AG Nordhorn – Az.: 3 C 1180/16 – Urteil vom 02.05.2017

1. Die Klage wird abgewiesen.

2. Die Klägerin trägt die Kosten des Rechtsstreits.

3. Das Urteil ist vorläufig vollstreckbar. Die Klägerin kann die Vollstreckung durch Sicherheitsleistung in Höhe von 110 % des vollstreckbaren Betrages abwenden, wenn nicht die Beklagte vor der Vollstreckung Sicherheit in gleicher Höhe leistet.

4. Der Wert des Streitgegenstandes wird auf bis zu 2.000,00 €  festgesetzt.

Tatbestand

Die Parteien streiten über restliche Schadensersatzansprüche aus einem Verkehrsunfall.

Verkehrsunfall mit neuem eBike
Verkehrsunfall mit neuem eBike – Schadensregulierung (Symbolfoto: Von Spic/Shutterstock.com)

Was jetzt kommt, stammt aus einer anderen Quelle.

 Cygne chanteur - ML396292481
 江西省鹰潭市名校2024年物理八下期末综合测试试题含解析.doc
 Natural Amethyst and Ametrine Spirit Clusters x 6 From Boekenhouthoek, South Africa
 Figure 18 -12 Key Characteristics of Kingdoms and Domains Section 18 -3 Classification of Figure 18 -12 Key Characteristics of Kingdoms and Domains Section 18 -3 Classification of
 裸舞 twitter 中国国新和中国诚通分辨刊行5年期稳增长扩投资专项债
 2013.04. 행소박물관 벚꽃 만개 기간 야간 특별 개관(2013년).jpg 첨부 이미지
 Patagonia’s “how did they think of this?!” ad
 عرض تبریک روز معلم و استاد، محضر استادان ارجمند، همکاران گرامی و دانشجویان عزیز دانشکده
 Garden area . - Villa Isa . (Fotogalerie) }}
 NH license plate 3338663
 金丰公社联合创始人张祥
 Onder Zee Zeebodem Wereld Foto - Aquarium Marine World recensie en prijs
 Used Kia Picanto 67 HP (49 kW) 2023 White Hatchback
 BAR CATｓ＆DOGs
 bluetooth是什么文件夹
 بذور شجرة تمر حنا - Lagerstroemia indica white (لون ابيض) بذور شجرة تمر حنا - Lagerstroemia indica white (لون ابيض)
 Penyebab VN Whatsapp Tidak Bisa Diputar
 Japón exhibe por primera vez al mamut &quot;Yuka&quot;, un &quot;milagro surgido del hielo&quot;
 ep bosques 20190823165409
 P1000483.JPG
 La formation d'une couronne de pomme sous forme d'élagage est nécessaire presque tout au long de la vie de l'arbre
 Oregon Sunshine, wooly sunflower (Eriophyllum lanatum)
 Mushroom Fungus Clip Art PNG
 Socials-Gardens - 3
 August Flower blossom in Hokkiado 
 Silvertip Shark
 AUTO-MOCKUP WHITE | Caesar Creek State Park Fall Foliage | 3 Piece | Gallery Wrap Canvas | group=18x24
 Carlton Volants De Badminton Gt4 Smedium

Am 23.08.2016 kam es in … zu einem Verkehrsunfall, bei dem das E-Bike der Klägerin beschädigt wurde. Die Beklagte ist die Haftpflichtversicherung des PKW des Unfallgegners, der der Klägerin dem Grunde nach für sämtliche entstandenen Schäden voll haftet. Die Klägerin kaufte das streitgegenständliche Fahrrad am 20.07.2017. Dieses hatte zum Zeitpunkt des Unfalls eine Laufleistung von 180 km. An dem Fahrrad wurde das Vorderrad, das vordere Schutzblech, das Bremsenset, die Lenkergriffe, die Pedale, der Lenker, die Klingel, der Displayhalter, das Display sowie der Fahrradkorb nebst Klick-Fix-Halter beschädigt. Die Klägerin wurde durch den Inhaber der Firma … darauf hingewiesen, dass der Elektromotor bei der Kollision in Mitleidenschaft gezogen worden sein könnte, so dass er vielleicht in naher Zukunft Probleme bereiten könnte. Die Kosten der Reparatur der beschädigten Fahrradteile werden sich nach dem Kostenvoranschlag der Firma … vom 26.08.2016 auf 558,00 € belaufen. Eine Reparatur seitens der Klägerin fand nicht statt. Die Beklagte zahlte an die Klägerin mit Abrechnungsschreiben vom 30.09.2016 Nettoreparaturkosten in Höhe von 468,91 €. Durch Rechtsanwaltsschreiben vom 06.10.2016 wurde die Beklagte zur Zahlung von 1.547,90 € innerhalb von 10 Tagen aufgefordert. Die Beklagte reagierte trotz Nachfristsetzung vom 04.11.2016 nicht.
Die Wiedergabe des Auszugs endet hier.